De la Géographie ensuite, ou plus exactement de la route météorologique. Le triangle de l’époque répondait à des exigences météorologiques autant que commerciales. Les magnifiques trois-mâts, à la voilure carrée et à la coque plus effilée qu’un sabre, se laissait porter par les alizés le long du Portugal et des côtes africaines, jusqu’aux pays bordant le golfe de Guinée. De là, après avoir embarqué les esclaves, ils repartaient vers les côtes brésiliennes. Les conditions de vie au cours de cette étape était terriblement inhumaine parce qu’il fallait, avant de retrouver l’alizé de l’Atlantique Sud, traverser le Pot-au-Noir, cette affreuse zone aux calmes aléatoires et durables qui doit son nom au jeu du colin-maillard. Naviguer les yeux bandés en tentant d’éviter des obstacles dangereux, c’est ce qu’impose cette zone où l’on voudrait ne tomber ni dans les calmes ni sous les grains trop violents. Les grands voiliers pouvaient rester immobilisés des jours, peut-être des semaines, dans la chaleur et la moiteur tropicale. La traversée pouvait alors durer deux mois.

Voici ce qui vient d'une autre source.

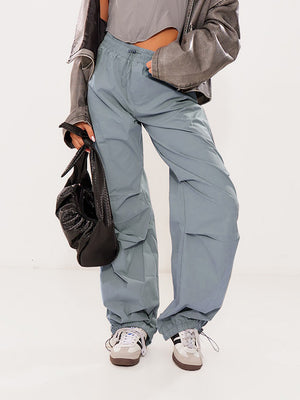 Lightweight Parachute Oversized Shell Cargos Jogger Trouser For Ladies-Slate Blue-SP3327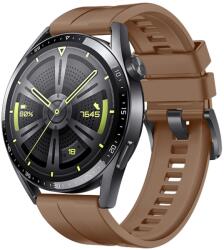 Huawei Watch GT 3 (42 mm) okosóra szíj - Strap One barna szilikon szíj (szíj szélesség: 20 mm)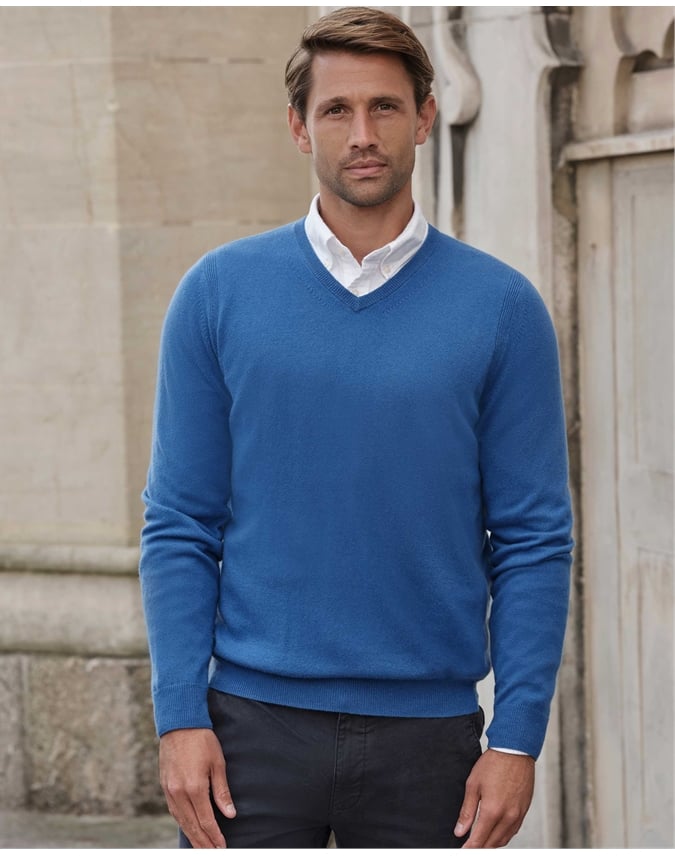 Mens Cashmere V Sweater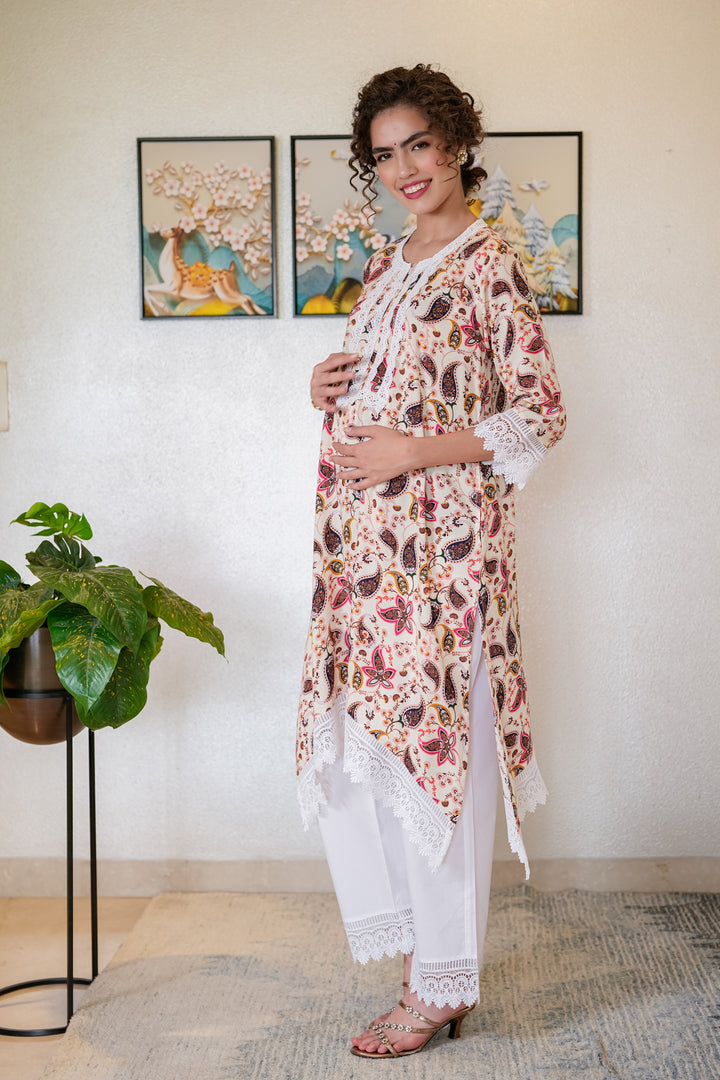 Luxe Ivory Tropical Leafy Maternity & Nursing Kurta + Bump Band Bottom (2 Pc) momzjoy.com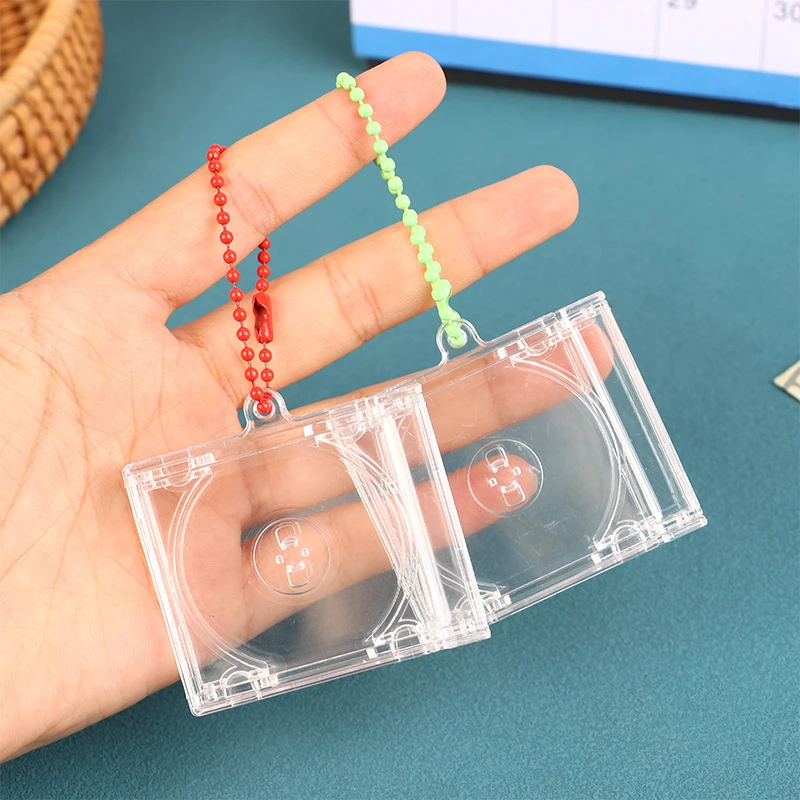 

Blank Album Mini CD Case Keychain CD Player Keyring Peripheral Commemorative Album Key Holder For DIY Backpack Pendant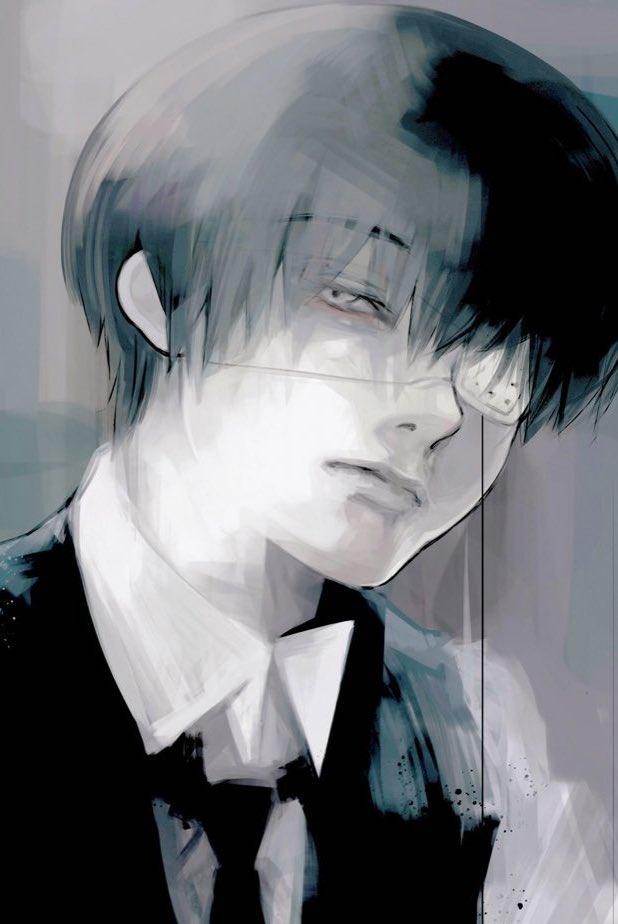 1boy, black_hair, black_necktie, black_vest, collared_shirt, eyepatch, grey_background, grey_eyes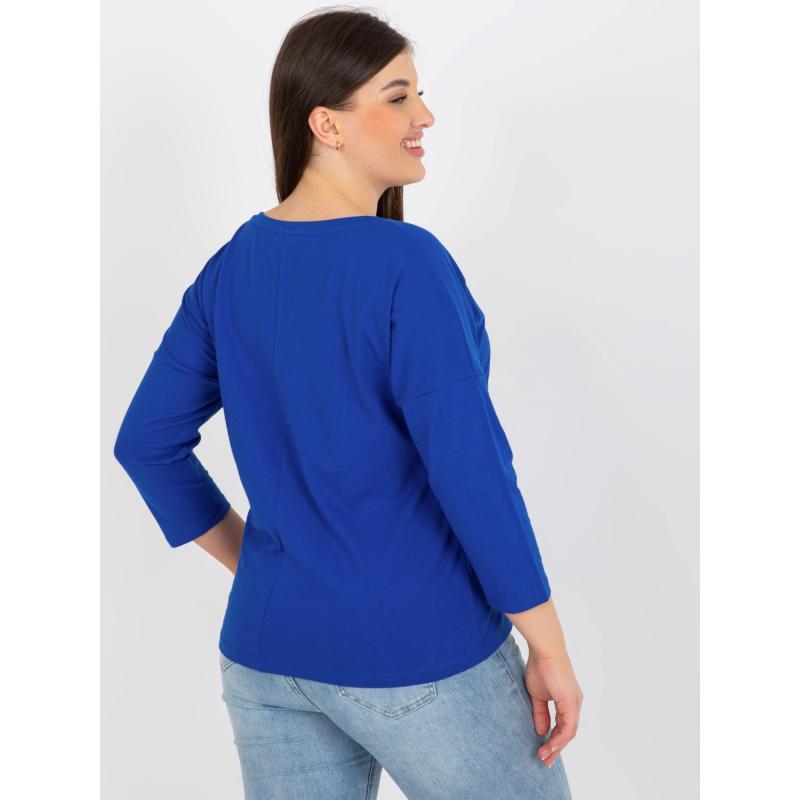 Dámska blúzka s potlačou a kamienkami plus size ALBINIA tmavo modrá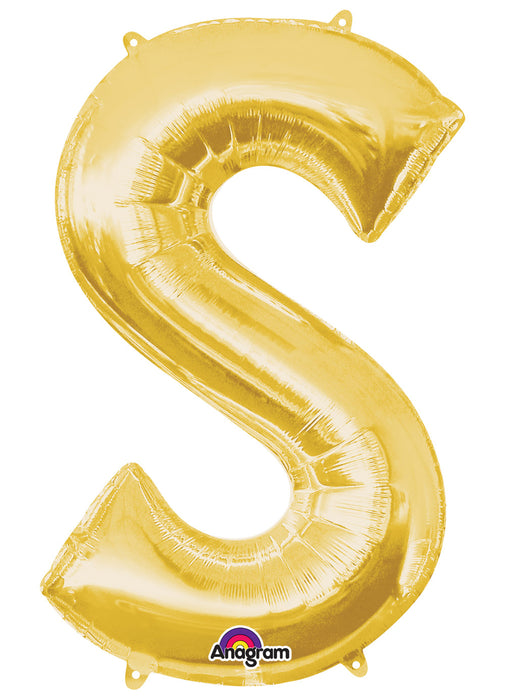 Letter S Gold Air Filled Balloon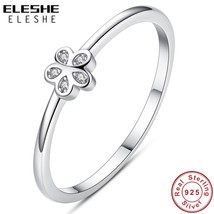 ELESHE 925 Sterling Silver Fine Rings Female Clear CZ Crystal Daisy Finger Ring  - $11.97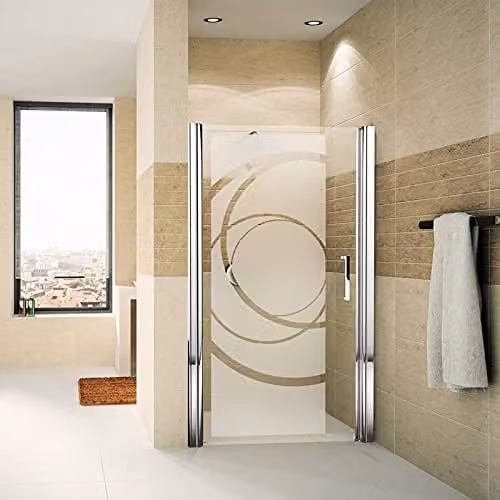 Zelfklevende ondoorzichtige raamfolie met rondingen design voor ramen en douchedeuren, 200 x 75 cm
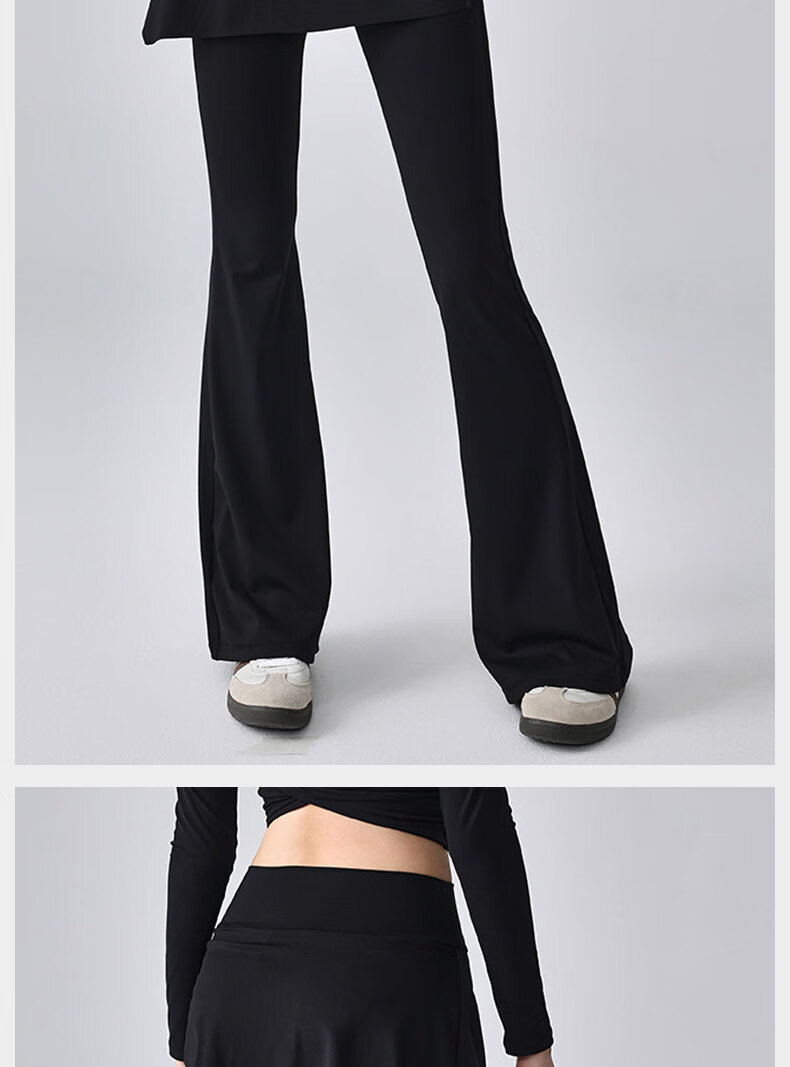 XUEXIMAN Two-in-One Yoga Skirt Pants Sports Tennis Skirt with Drawstring High Waist Running Anti-Exposure Fitness Pants for Women 6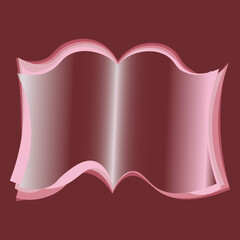 Illustration on a square background - open book, reading, literature. Design element of books, notebooks, postcards, interior items. Wallpapers, textiles, packaging, background for a website, mobile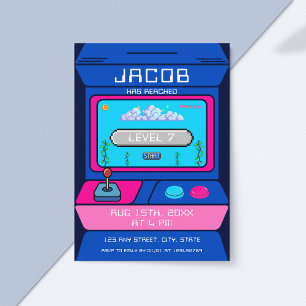 Convites Festa de aniversário de Arcade de Vídeo Retroativo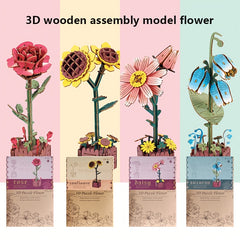 60pcs Wooden Flower Puzzle 3D Model DIY Building Blocks for Girls Birthday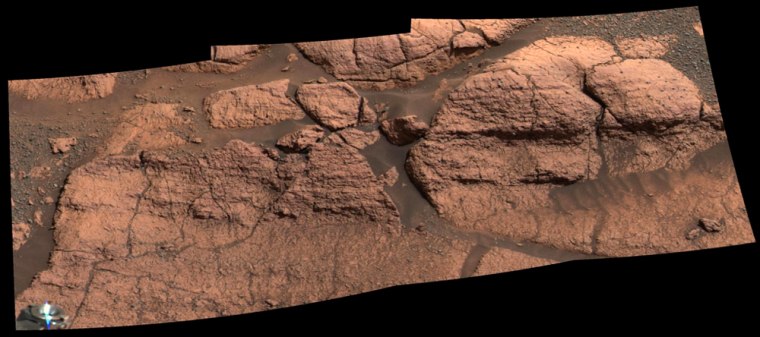A panoramic picture of the outcropping known as El Capitan, snapped by the Opportunity rover, shows fine layering that hints at a sedimentary process. The rover team says such features were created by the action of water. Other scientists suggest that volcanic activity or a meteor impact might have caused the layering.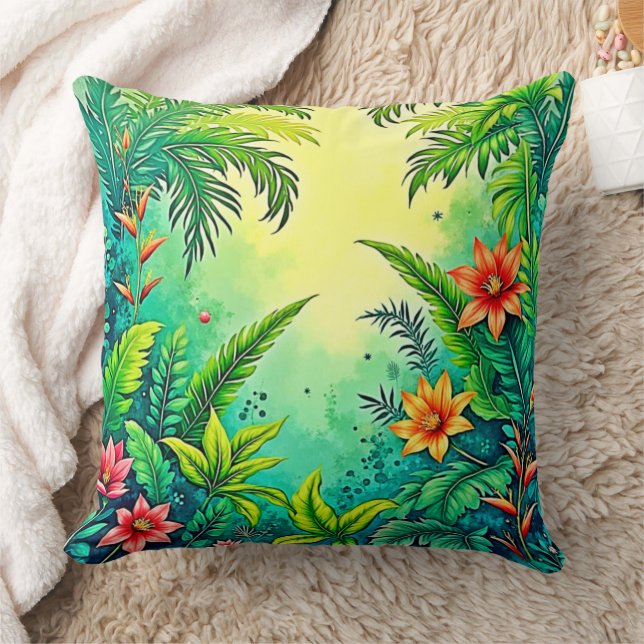 Tropical Jungle Lush Paradise Design Cushion (Blanket)
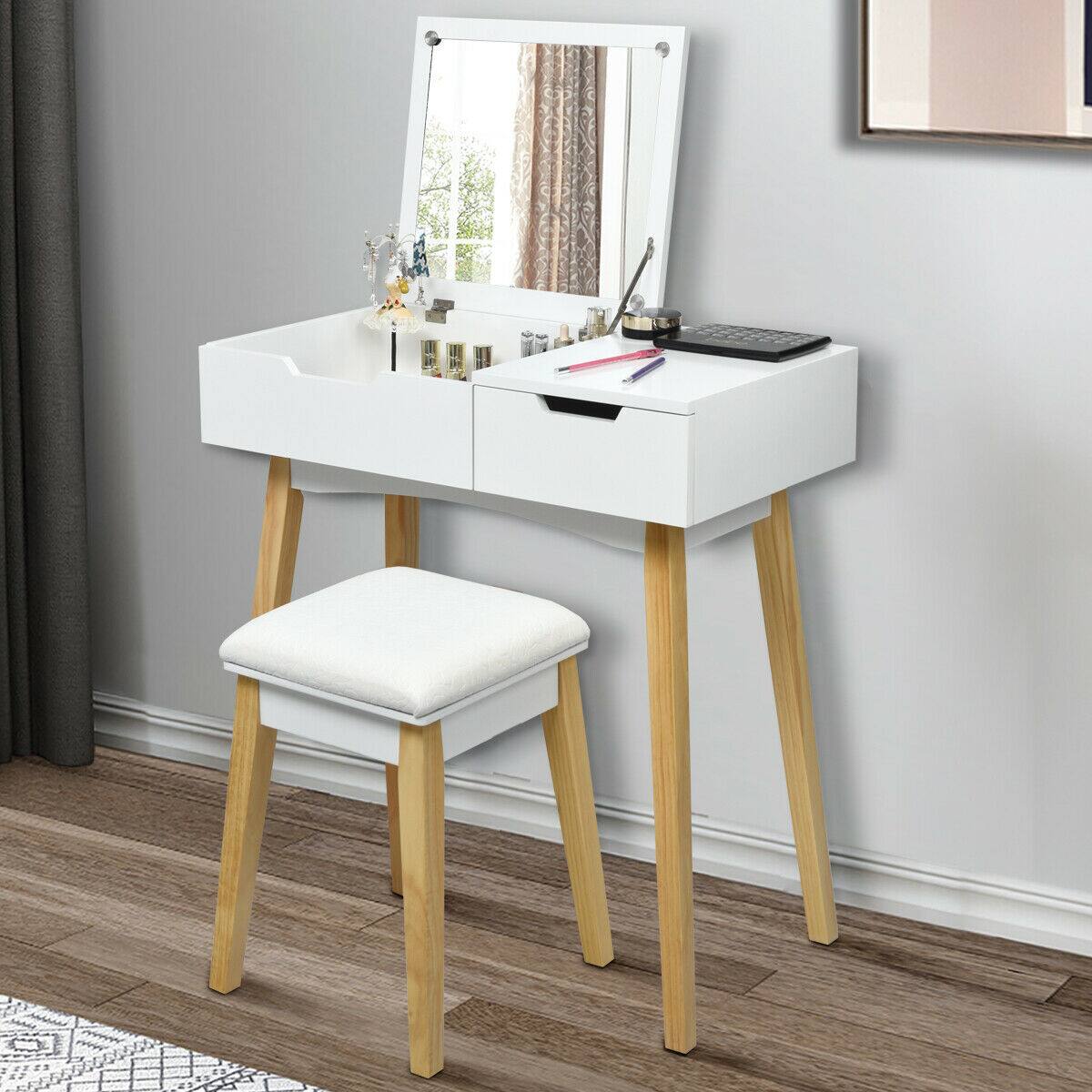 Alt View 7. Costway - Costway Vanity Makeup Table Cushioned Stool Set W/Flip Top Mirror &1 Drawer Writing Desk - White.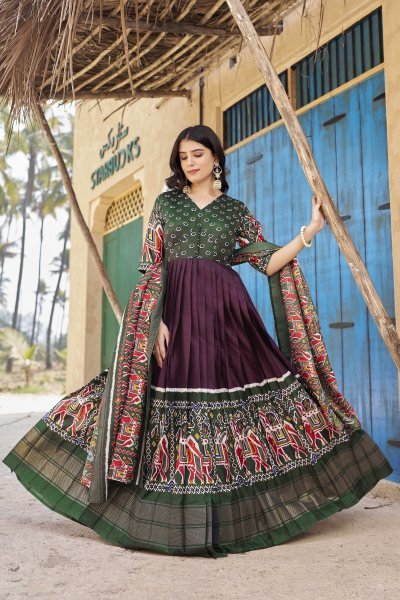 WOMEN FLAIRED GOWN WITH DUPATTA Ethnic Dresses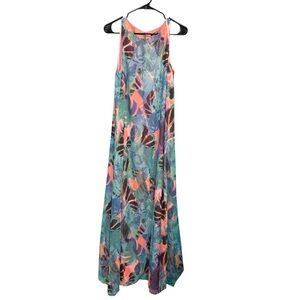 GIANNI BINI Tank Dress Size Medium Casual A-Line Maxi Tie Shoulder Geometric Art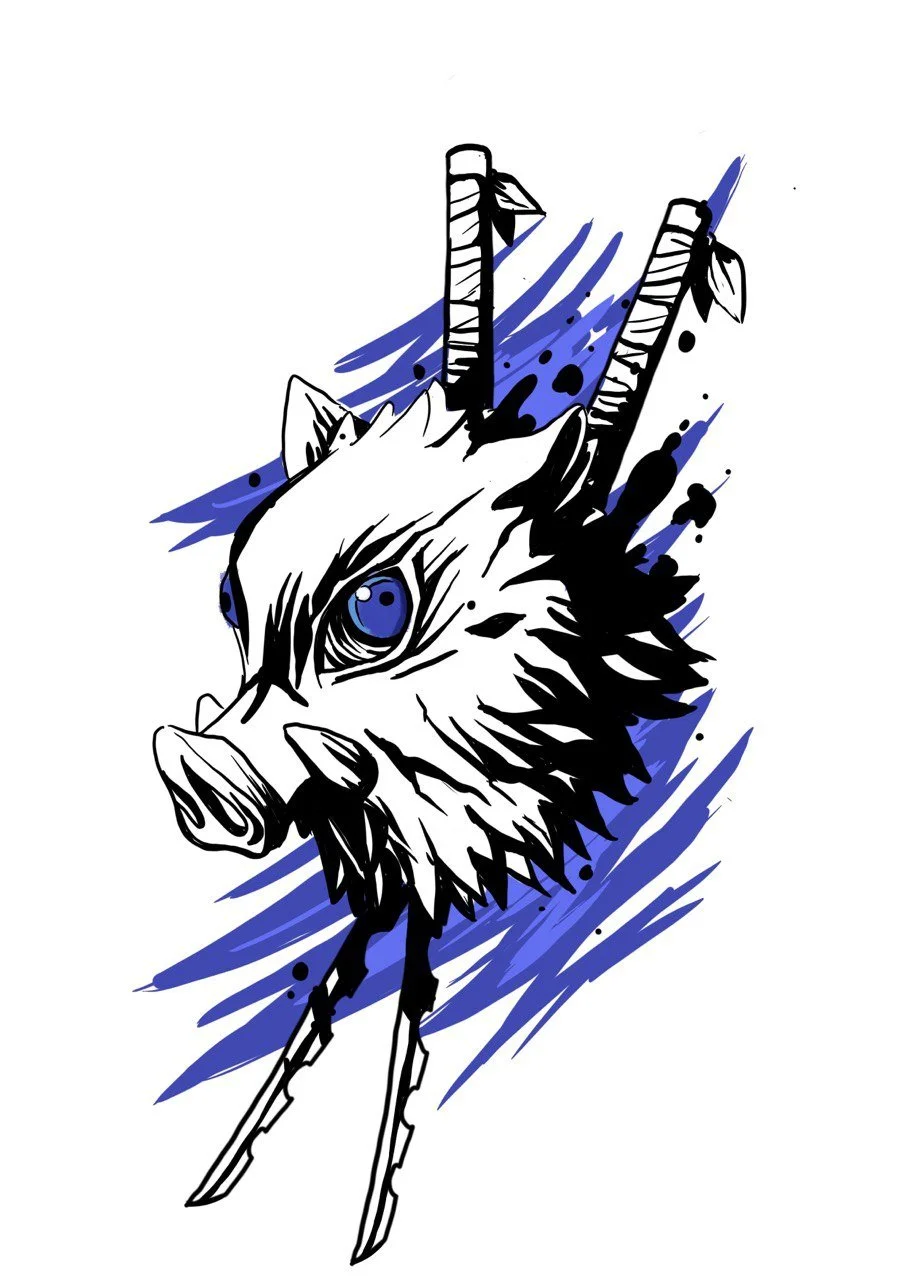 Illustration eines Tierkopfes, das ein wildes Schwein darstellt, kombiniert mit zwei Schwertern, urbanen Kunststil mit blauen Akzenten.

Aujourd’hui les performances des bateaux de course permettent de ne pas rester englué trop longtemps dans les « pétoles » et la route directe vers Salvador de Bahia permet de couper le Pot-au-Noir là où il est le plus étroit. La traversée ne dure alors que rarement plus de deux jours.
Le retour des « cargos sous voile » vers Le Havre, véritable route du café, passait par le nord des Açores pour récupérer des vents portants. Aujourd’hui les rôles sont inversés et nos fiers destriers sont eux-mêmes chargés à bord de cargo pour un retour sous cocon.
La Transat Jacques Vabre est une course fabuleuse… mais elle n’a que de lointains rapports avec la réalité des courses du 19e qui devaient transporter au plus vite des denrées périssables.